Abstract: Photochemistry and photophysics processes involve structures far from equilibrium. In these reactions, there is often strong coupling between nuclear and electronic degrees of freedom. For first-row transition metals, K$\beta$ X-ray emission spectroscopy (XES) is a sensitive probe of electronic structure due to the direct overlap between the valence orbitals and the 3p hole in the final state. Here the sensitivity of K$\beta$ mainline (K$\beta$1,3) XES to structural dynamics is analyzed by simulating spectral changes along the excited state dynamics of an iron photosensitizer [FeII(bmip)2]2+ [bmip = 2,6-bis(3-methyl-imidazole-1-ylidine)-pyridine], using both restricted active space (RAS) multiconfigurational wavefunction theory and a one-electron orbital-energy approach in density-functional theory (1-DFT). Both methods predict a spectral blue-shift with increasing metal-ligand distance, which changes the emission intensity for any given detection energy.
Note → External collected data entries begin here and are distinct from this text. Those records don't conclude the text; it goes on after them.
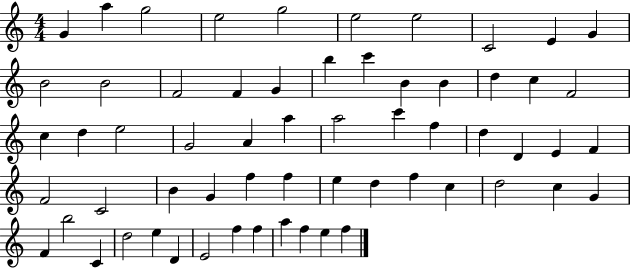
{
  \clef treble
  \numericTimeSignature
  \time 4/4
  \key c \major
  g'4 a''4 g''2 | e''2 g''2 | e''2 e''2 | c'2 e'4 g'4 | \break b'2 b'2 | f'2 f'4 g'4 | b''4 c'''4 b'4 b'4 | d''4 c''4 f'2 | \break c''4 d''4 e''2 | g'2 a'4 a''4 | a''2 c'''4 f''4 | d''4 d'4 e'4 f'4 | \break f'2 c'2 | b'4 g'4 f''4 f''4 | e''4 d''4 f''4 c''4 | d''2 c''4 g'4 | \break f'4 b''2 c'4 | d''2 e''4 d'4 | e'2 f''4 f''4 | a''4 f''4 e''4 f''4 | \break \bar "|."
}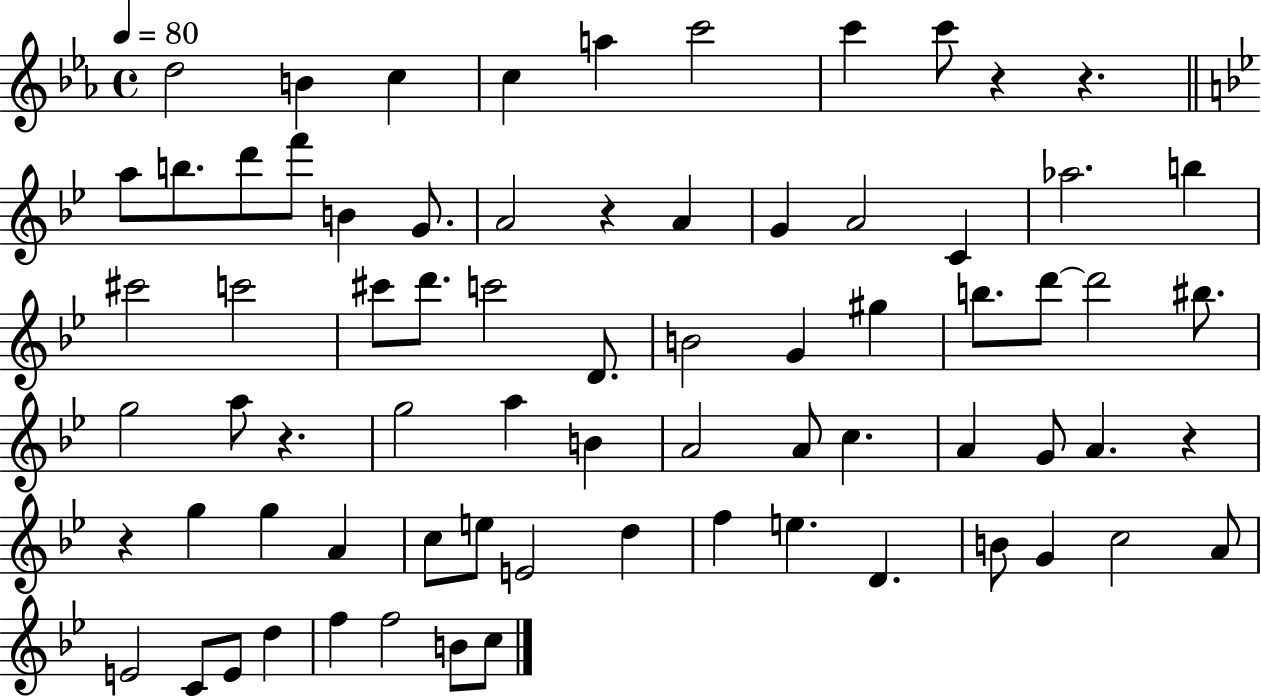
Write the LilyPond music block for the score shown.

{
  \clef treble
  \time 4/4
  \defaultTimeSignature
  \key ees \major
  \tempo 4 = 80
  d''2 b'4 c''4 | c''4 a''4 c'''2 | c'''4 c'''8 r4 r4. | \bar "||" \break \key bes \major a''8 b''8. d'''8 f'''8 b'4 g'8. | a'2 r4 a'4 | g'4 a'2 c'4 | aes''2. b''4 | \break cis'''2 c'''2 | cis'''8 d'''8. c'''2 d'8. | b'2 g'4 gis''4 | b''8. d'''8~~ d'''2 bis''8. | \break g''2 a''8 r4. | g''2 a''4 b'4 | a'2 a'8 c''4. | a'4 g'8 a'4. r4 | \break r4 g''4 g''4 a'4 | c''8 e''8 e'2 d''4 | f''4 e''4. d'4. | b'8 g'4 c''2 a'8 | \break e'2 c'8 e'8 d''4 | f''4 f''2 b'8 c''8 | \bar "|."
}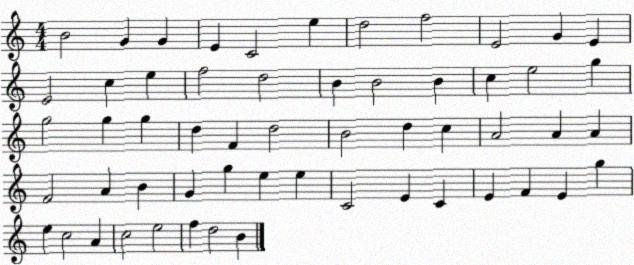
X:1
T:Untitled
M:4/4
L:1/4
K:C
B2 G G E C2 e d2 f2 E2 G E E2 c e f2 d2 B B2 B c e2 g g2 g g d F d2 B2 d c A2 A A F2 A B G g e e C2 E C E F E g e c2 A c2 e2 f d2 B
These results support the suggestion that the [FeII(bmip)2]2+ femtosecond K$\beta$ XES signal shows oscillations due to coherent wavepacket dynamics. Based on the RAS results, the sensitivity to structural dynamics is twice as high for K$\beta$ compared to K$\alpha$, with the drawback of a lower signal-to-noise ratio. K$\beta$ sensitivity is favored by a larger spectral blue-shift with increasing metal-ligand distance and larger changes in spectral shape. Comparing the two simulations methods, 1-DFT predicts smaller energy shifts and lower sensitivity, likely due to missing final-state effects. The simulations can be used to design and interpret XES probes of non-equilibrium structures to gain mechanistic insights in photocatalysis.